松本・中町通りのギャラリー「GRAIN NOTE(グレインノート)」(松本市中央3、TEL 0263-32-8850)で現在、衣作家・渡辺珠美さんの作品展「渡辺珠美 秋冬の自然服展」が開催されている。
ブラウス、ワンピース、スカート、パンツなどの衣類やストール、バッグなどの小物、約30点を展示する。素材は綿や麻、羊毛の中でも最高級とされるメリノウールなどを使用。天然藍や五倍子(ふし)、柿渋などを用いて草木染をしたアイテムは、優しい色合いのものが多い。
同ギャラリーでの展示は4年ほど前から始め、「春夏」と「秋冬」の年2回開催している。今回は初めてトートバッグを制作。「バッグは生地が厚手で、意外と手間がかかった。染めるのも大変だったので…もう作らないかも(笑)」と渡辺さん。
渡辺さんが染色を学んだ後、古布のシルクを使い制作を始めたのは1998年。育児休業を経て、2009年からは自然素材・天然染料にこだわった服作りに取り組み、工程も手作業の立体裁断でパターンを作り、折り伏せ縫いで仕立てたものを一つ一つ手染めしている。今年の夏、マレーシアに移住。現在は長野市にあるアトリエと行き来しながら長野や東京で展示会を行っている。「今は、マレーシアでも作れるように準備しているところ。制作の拠点を移しても展示は続けていきたい」と渡辺さん。
初日の17日は、開店から来場者が絶えず、それぞれのアイテムを手にして試着。渡辺さんが手入れ方法を説明したり、来場者同士が色の合わせ方をアドバイスしたりする姿も見られた。

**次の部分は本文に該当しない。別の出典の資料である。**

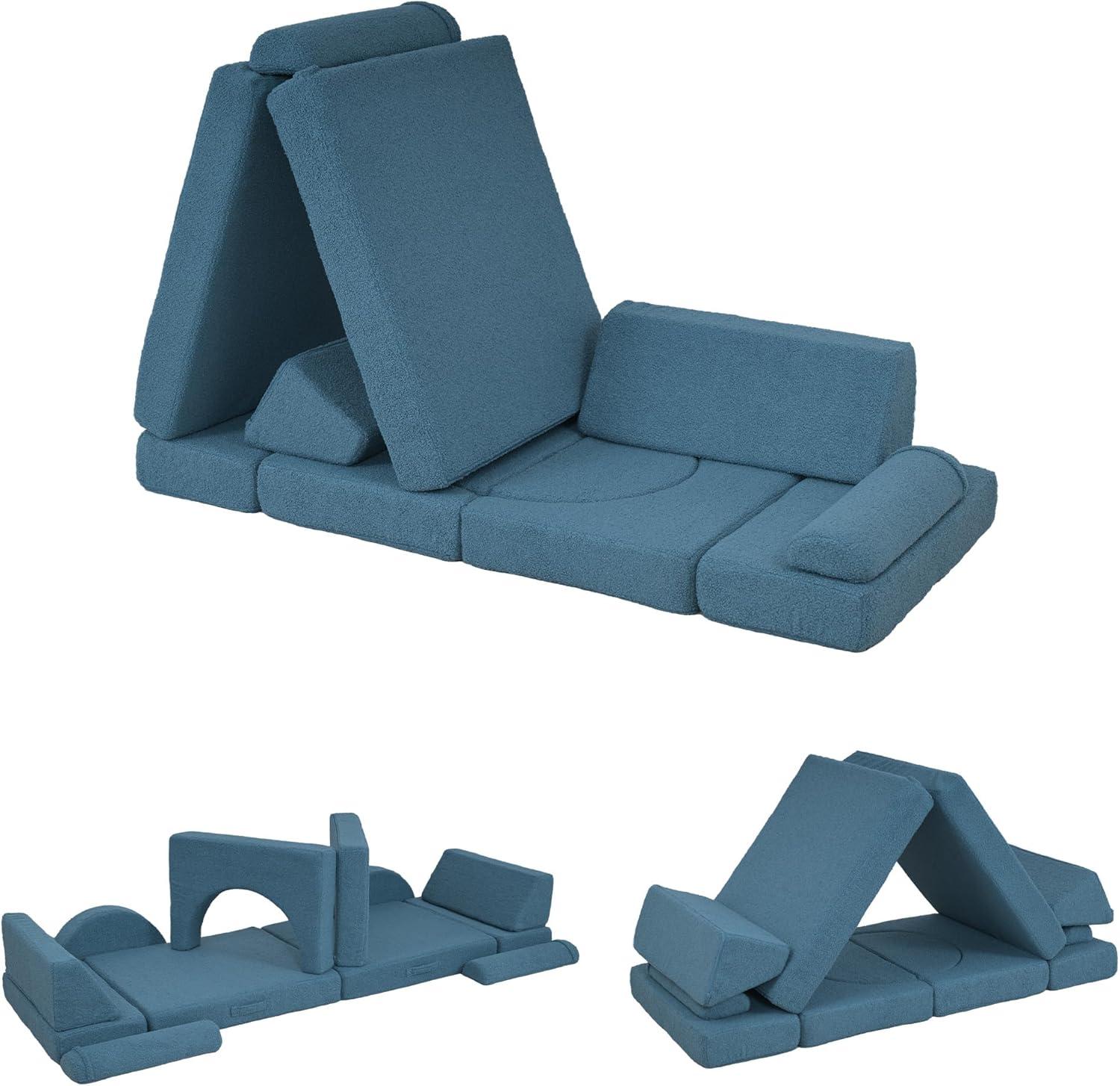 Qaba 12 Pieces Foam Climbing Blocks, Climbing Toys for Toddlers, Indoor Climb and Crawl Activity Playset for Boys and Girls, Blue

「お客さまからの要望やフィードバックを聞ける展示会は、今後の制作活動に生かせる貴重な場」と渡辺さん。「これからも、さまざまなものに挑戦していきたい」とも。
作品は全て販売する。ブラウス=1万7,000円~、スカート=1万5,000円~、バッグ=1万2,000円~、ストール=8,000円~など。営業時間は10時~18時(最終日は15時まで)。入場無料。10月20日まで。期間中は渡辺さんが在廊する。